Hopewell Fund was awarded $1,381,019 between 2017 and 2020, including 3 grants in Equitable Recovery, Technology in the Public Interest and Journalism & Media.


2020 • 1 year • Equitable Recovery

Democracy Docket Legal Fund is a fiscally sponsored project of the Hopewell Fund, the sister organization to New Venture Fund, that pursues voter protection litigation. Led by nationally recognized voter rights and campaign finance expert Marc Elias, the Democracy Docket Legal Fund was created to use litigation to fight suppressive voting laws and practices, with a particular focus on laws and practices that will have the greatest impact on BIPOC and young voters.

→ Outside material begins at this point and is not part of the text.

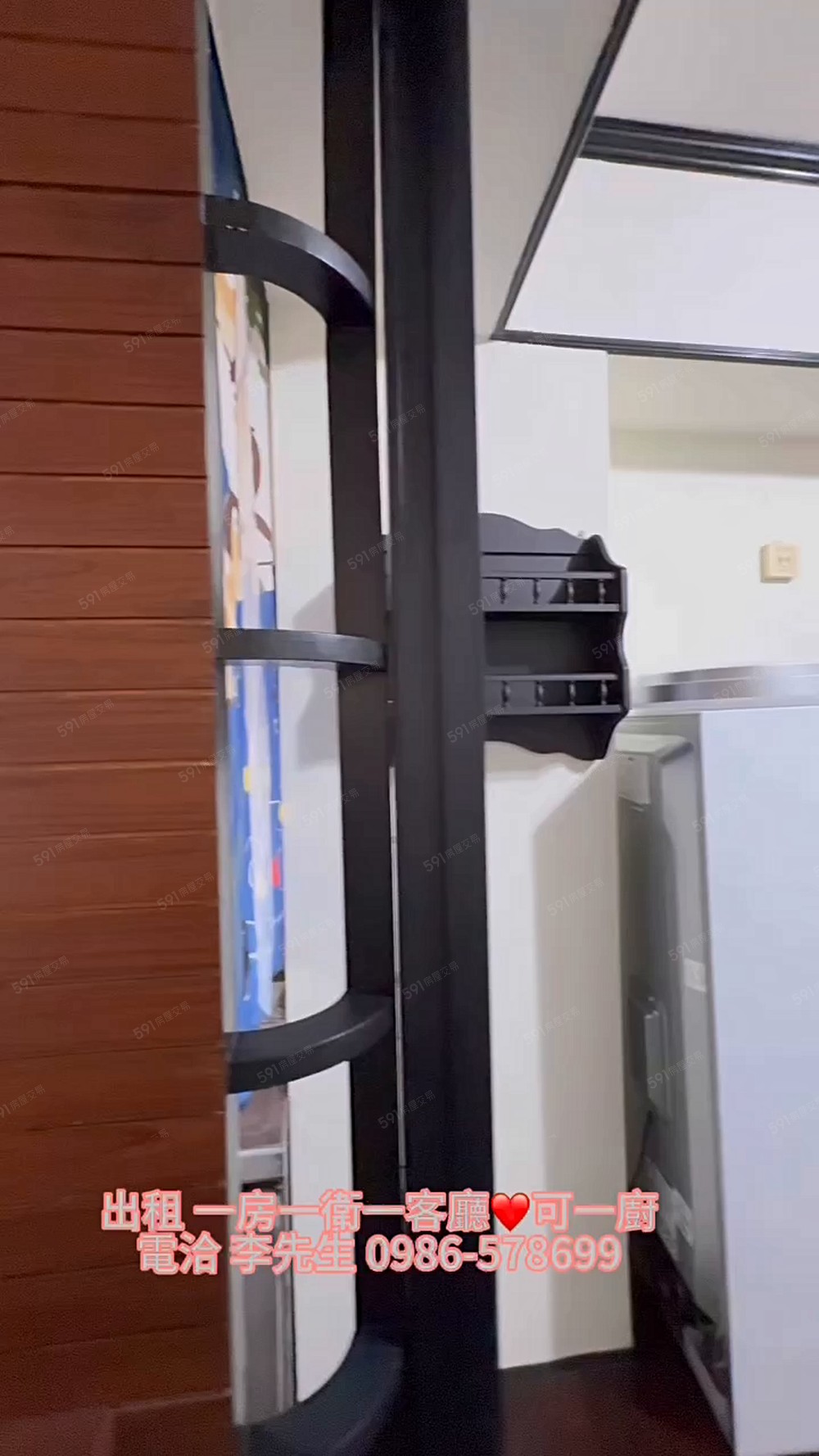 正後站可簡易一廚美套房 - Image 1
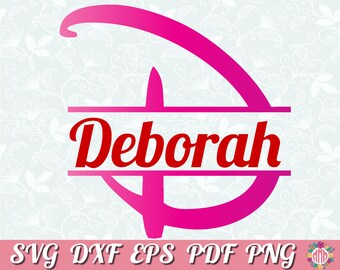 Disney Split Monogram Font Disney Font Svg Split Monogram ...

2019 • 2 years • Technology in the Public Interest

The Economic Security Project, a fiscally sponsored project of the Hopewell Fund, challenges the status quo by catalyzing ideas that build economic power for all Americans. It disburses grants, supports emerging leaders, develops communications research to inform movements, and coordinates events and convenings to encourage investment and action from others. The award provides flexible support to the Economic Security Project's Anti-Monopoly Fund, a two-year initiative to build a robust, sustained, cross-sector, anti-monopoly movement with the power to win key victories in reducing concentrated corporate power to help low- and middle-income individuals and families in an age of historic economic inequality. Addressing concentrated power within the technology industry is a key focus of the Anti-Monopoly Fund.


2017 • 1 year • Journalism & Media

The Hopewell Fund is a public charity that specializes in helping donors, social entrepreneurs, and other changemakers launch new, innovative social change projects. This grant supports the Kairos Fellowship, a project designed to diversify the pool of social media organizers working on national social justice-oriented campaigns. Launched two years ago, the Kairos Fellowship identifies promising online organizers of color and provides them with one year of mentorship and on-the-job training with a national social justice organization. Grant funds are enabling Kairos to provide fellowship positions for up to seven candidates each year, work with host organizations to integrate a racial justice approach into their recruitment processes, provide mentorship and in-person skills training to fellows, and carry out research for an additional issue-specific fellowship track.